Dolor y gloria (Pedro Almodóvar, 2019)

 

A medida que Pedro Almódovar refinaba su estilo y se convertía él mismo en un personaje, su cine se fue asfixiando con su propio mundo hasta vaciarse de oxígeno. Dolor y gloria vuelve a tener a un director de cine como personaje principal (Salvador Mallo interpretado por un Antonio Banderas símil Almodóvar) que busca recomponer su pasado, en especial con su madre mientras lidia con problemas físicos y achaques varios.
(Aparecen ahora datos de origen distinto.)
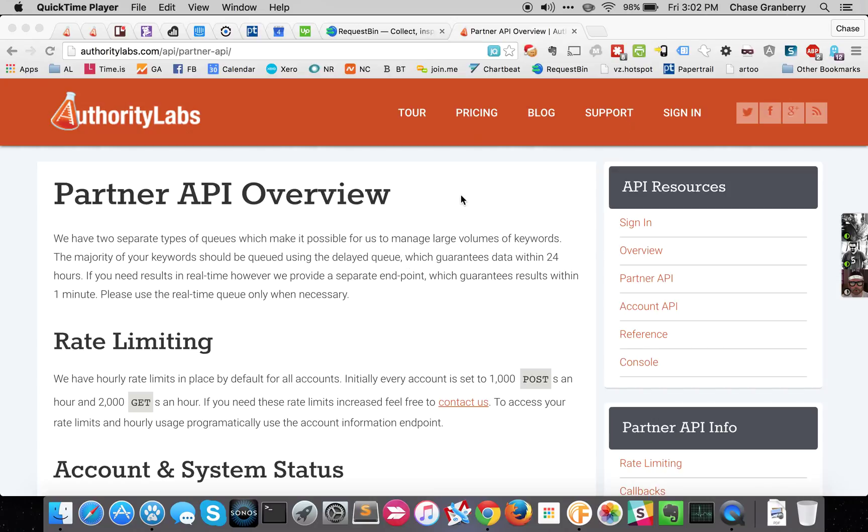Okay, hi there. I'm Chase, founder of Authority Labs. I've been meaning to make this video for a while. People sign up for the Partner API, they ask for documentation, they ask how to use it.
La película transcurre con cierto interés durante el reencuentro de Mallo con Alberto Crespo (Asier Exteandia), quien fue el actor principal de su película más famosa y al que le retiró la palabra desde el estreno de la película disgustado porque el actor no respetó sus indicaciones.Tres décadas después, Mallo reconoce que la interpretación de Crespo en la película mejoró con los años y con la excusa de un homenaje por el aniversario del estreno del film donde se proyectará la película y se pretende que tanto Mallo como Crespo estén presentes para hablar con el público, el director va a buscar al actor a su domicilio. El tiempo que dura ésta reunión carga a la película de una intimidad y calidez que se sostiene también con los pasajes evocadores de la infancia con Penélope Cruz como la madre más cierta nostalgia en la relación de Mallo con su entorno.


Lamentablemente, todo interés se rompe cuando aparece Federico Delgado (Leonardo Sbaraglia), un amor de su juventud, y la película comienza un derrotero de casualidades muy forzadas (la aparición de Delgado, el dibujo del final), subrayados sobre la homosexualidad del director (el albañil que parece sacado de una película de Fassbinder), la relación con la madre (que Almodovar ya fatígó en La flor de mi secreto, Todo sobre mi madre e incluso Tacones Lejanos), agregando un insólito pedido de disculpas  a su progenitora por no haber sido quién lo que ella deseó que él fuera (no se entiende muy bien en qué falló, aunque se intuye que fueron por sus años madrileños, como si tanto la madre como el director no hubieran asimilado el paso de los años).




Pero como si esta serie de recursos forzados no fuera suficiente, Almodóvar infla su ego al punto de lo insoportable: niño prodigio que enseña a leer y escribir a los pobres iletrados de provincia, director respetado, famoso y con un buen pasar que además tiene la victoria de ser el único amor de un ahora heterosexual al que le despierta nuevamente el deseo a pesar de los achaques físicos que la película machaca una y otra vez. Ni Woody Allen se animó a tanto.



Ni testamentaria (no parece que Almodóvar haya querido clausurar su obra aquí), ni intimista, ni madura. Pura celebración de su ego.